Let me start
by saying that there are terrible lies about starting a business in Nigeria.
One of the dumbest lies is that business is for people who didn’t go to school.
Jeeez! That’s pathetic. Another fat lie is that you need really huge amount of
capitals. Another lie from the pit of……….ignorance!
Now, i want
to debunk those lies by sharing this short stories of 5 Entrepreneurs in Africa
Who Started a Successful Business with $100 or Less in hand. Guess what? They
are smiling to the banks after just having started a few years ago.
Let's meet them...
Henshan de Silva |
Heshan de Silva (Kenya):
In 2007,
Heshan de Silva dropped out of school and as things got worse for him in the
US, he joined his parents back in Kenya to get his life back together.
Aged only 18
at the time, his parents gave him 10,000 Kenyan Shillings (US$116), which he
used to start a new business. He targeted the bus travel sector in the country
by selling insurance bundled with the bus ticket purchase. And it is widely
reported in the media that by the end of the year, the business had made 90m
Kenyan Shillings (US$1.05m). Isn’t that amazing!? Heshan has since invested
that money in his new business, De Silva
Group, a venture capital firm.
With an
incomplete education, no capital, not even a great deal of life experience and
yet Heshan made it in a short period of time. He was featured in CNN and Forbes
Magazine as one of Africa’s most successful young.
Abasiama Idaresit |
2. Abasiama Idaresit (Nigeria):
Abasiama
Idaresit graduated with an MBA at Manchester Business School and moved back to
Nigeria in 2010 to start his own business. Today, he is the Founder and CEO of Wild Fusion, a digital marketing
company.
Guess what?
He started his company in 2010 with a gift of $250 from his mother and it took
him 8 months to make the first deal. Just three years later, Visa, Vodafone,
Samsung and Unilever as well as several large Pan-African corporations are his
clients and his company is valued at over $6 million in revenue. Yes, you heard
that indeed right; $6 million! And yes, he started in 2010. Wild Fusion has now
become Google’s certified partner in Africa!

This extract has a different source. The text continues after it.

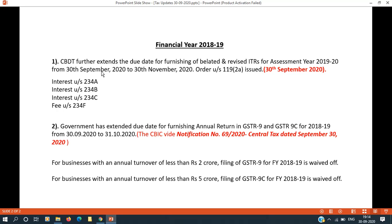Regarding GST, the annual return GSTR-9 and 9C for financial year 2018-19 — the CBIC has issued a notification extending the due date. We are going to file GSTR-9 and 9C for financial year 2018-19.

3. Axel Fourie (South Africa):
Take Axel
Fourie from South Africa. By the time he was 27, he had tried unsuccessfully to
set up several businesses. When his iPod was faulty and he was told by
specialists that nothing could be done about it, he searched for a YouTube
video online and learned how to fix the iPod himself!
He then put
an advert into a local newspaper and offered to fix faulty iPhones and iPads.
The response he got exceeded his expectations as he was flooded with calls and
requests from potential customers. He knew he was onto something!
Axel Fourie |
Axel opened
his company iFix and started fixing
iPods and iPhones from his university dorm. This was in 2007. Today, Alex runs
a chain of 8 stores and employs 85 people. He has since expanded his business
into manufacturing mobile phone accessories which he exports into 12 countries
across Africa. Oh, we forgot to mention the amount of his starting capital.
Here it is: Zero! (unless he paid a little for that newspaper ad).
4. Anna Phosa (South Africa):
Anna Phosa
started her pig farm venture in 2004 in Soweto with about $100 in hand. She
bought four pigs with that money after she was introduced to pig farming by a
close friend.
Anna Phosa |
A little
less than four years later, in 2008, Anna was contracted by Pick ‘n Pay, the
South African supermarket and retail giant to supply its stores with 10 pigs
per week. This was a first breakthrough and the request by the retailer grew
quickly to 20 pigs per week.
But the
really amazing bit happened in 2010 when Anna signed a breathtaking contract
with Pick ‘n Pay to supply 100 pigs over the next five years under a 25 million
Rand deal – that’s nearly 2.5 million US Dollars! She did not even have so much
land or enough pigs! With a contract in hand, Anna received funding from ABSA
Bank and USAID to buy a 350-hectare farm property.
Anna started
with 4 pigs in 2004, today her farm employs about 20 staff rearing 4,000 pigs
at a time. Her perseverance has made her a millionaire!
5. Jacky Goliath and Elton Jefthas
(South Africa):
Jacky Goliath |
The venture
(De Fynne Nursery) started in 2001
by South African entrepreneurs, Jacky Goliath and Elton Jefthas, in Jeftah’s
home backyard. Market demand grew fast and steadily which meant that they moved
the nursery to a 0.5 hectare land in 2005, and in 2008 had to move again to a
1.5 hectare area outside Cape Town where they hosted 600,000 plants!
Today, the De Fynne Nursery supplies its products
to retailers such as Woolworths, Massmart and Spar in South Africa and it was
reported that they since moved to a whopping 22-hectare commercial property.
This is a simple start up idea on a shoe string budget anywhere in Africa where
you have a booming housing & hotel sector and expanding city areas!